Among the entries below, find every line that contains the string "Toyota", then copy it.

[Start of section]

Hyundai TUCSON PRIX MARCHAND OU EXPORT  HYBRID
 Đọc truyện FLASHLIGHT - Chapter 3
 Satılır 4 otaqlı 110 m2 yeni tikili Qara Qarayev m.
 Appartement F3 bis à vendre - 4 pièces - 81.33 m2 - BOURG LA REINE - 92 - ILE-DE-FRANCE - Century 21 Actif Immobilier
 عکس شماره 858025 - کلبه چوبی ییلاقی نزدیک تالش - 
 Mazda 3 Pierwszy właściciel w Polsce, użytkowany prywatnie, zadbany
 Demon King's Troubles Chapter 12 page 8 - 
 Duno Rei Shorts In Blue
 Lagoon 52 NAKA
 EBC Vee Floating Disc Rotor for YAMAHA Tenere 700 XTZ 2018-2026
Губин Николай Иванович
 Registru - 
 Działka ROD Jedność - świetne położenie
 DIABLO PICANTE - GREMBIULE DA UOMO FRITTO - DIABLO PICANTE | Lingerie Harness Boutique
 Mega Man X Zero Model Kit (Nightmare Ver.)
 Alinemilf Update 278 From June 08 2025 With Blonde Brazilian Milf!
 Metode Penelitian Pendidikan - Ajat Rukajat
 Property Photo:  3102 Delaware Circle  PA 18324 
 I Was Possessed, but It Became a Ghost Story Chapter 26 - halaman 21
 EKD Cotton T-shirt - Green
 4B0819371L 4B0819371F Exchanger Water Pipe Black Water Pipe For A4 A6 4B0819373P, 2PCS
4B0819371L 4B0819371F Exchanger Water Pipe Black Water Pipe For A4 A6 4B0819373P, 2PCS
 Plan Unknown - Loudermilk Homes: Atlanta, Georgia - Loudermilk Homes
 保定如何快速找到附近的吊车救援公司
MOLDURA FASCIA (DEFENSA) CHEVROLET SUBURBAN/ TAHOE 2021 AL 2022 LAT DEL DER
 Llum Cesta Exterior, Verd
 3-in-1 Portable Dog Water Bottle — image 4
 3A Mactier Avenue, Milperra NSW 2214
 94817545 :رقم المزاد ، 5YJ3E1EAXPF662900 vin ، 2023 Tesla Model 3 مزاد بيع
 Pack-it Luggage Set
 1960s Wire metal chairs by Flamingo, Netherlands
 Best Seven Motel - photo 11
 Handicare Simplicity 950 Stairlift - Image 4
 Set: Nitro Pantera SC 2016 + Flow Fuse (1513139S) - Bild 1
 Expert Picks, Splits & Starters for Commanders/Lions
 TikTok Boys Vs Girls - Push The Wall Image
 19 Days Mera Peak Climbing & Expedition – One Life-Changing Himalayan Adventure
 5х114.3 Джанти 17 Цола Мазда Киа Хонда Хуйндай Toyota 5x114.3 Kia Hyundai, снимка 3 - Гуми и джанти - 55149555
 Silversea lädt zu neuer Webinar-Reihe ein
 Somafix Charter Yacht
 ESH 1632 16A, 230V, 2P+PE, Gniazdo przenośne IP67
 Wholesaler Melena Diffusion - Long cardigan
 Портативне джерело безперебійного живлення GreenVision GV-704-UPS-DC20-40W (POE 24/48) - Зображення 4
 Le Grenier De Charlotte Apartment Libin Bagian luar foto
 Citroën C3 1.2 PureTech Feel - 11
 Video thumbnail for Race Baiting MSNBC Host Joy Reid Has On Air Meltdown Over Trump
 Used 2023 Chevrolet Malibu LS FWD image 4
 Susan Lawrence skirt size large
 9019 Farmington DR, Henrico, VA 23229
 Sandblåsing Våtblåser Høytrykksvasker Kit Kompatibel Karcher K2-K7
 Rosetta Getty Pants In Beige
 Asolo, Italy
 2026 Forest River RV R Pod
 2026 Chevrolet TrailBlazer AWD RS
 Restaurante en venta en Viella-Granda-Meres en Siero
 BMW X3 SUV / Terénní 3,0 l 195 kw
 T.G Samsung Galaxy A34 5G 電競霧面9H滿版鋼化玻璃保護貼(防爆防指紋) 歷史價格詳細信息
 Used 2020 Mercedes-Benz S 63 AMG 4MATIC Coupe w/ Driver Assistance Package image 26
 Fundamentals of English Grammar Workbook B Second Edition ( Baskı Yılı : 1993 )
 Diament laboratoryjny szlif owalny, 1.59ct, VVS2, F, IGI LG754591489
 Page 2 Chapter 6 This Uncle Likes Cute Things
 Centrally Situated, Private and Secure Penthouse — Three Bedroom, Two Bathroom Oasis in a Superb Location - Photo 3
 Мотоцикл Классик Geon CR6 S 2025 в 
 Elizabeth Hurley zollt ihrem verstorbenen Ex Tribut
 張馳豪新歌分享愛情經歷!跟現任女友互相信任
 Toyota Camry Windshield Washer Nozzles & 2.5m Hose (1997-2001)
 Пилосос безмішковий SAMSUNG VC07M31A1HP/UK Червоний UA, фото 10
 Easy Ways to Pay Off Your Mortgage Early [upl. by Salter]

[End of section]

- _Answer box_:
 5х114.3 Джанти 17 Цола Мазда Киа Хонда Хуйндай Toyota 5x114.3 Kia Hyundai, снимка 3 - Гуми и джанти - 55149555
 Toyota Camry Windshield Washer Nozzles & 2.5m Hose (1997-2001)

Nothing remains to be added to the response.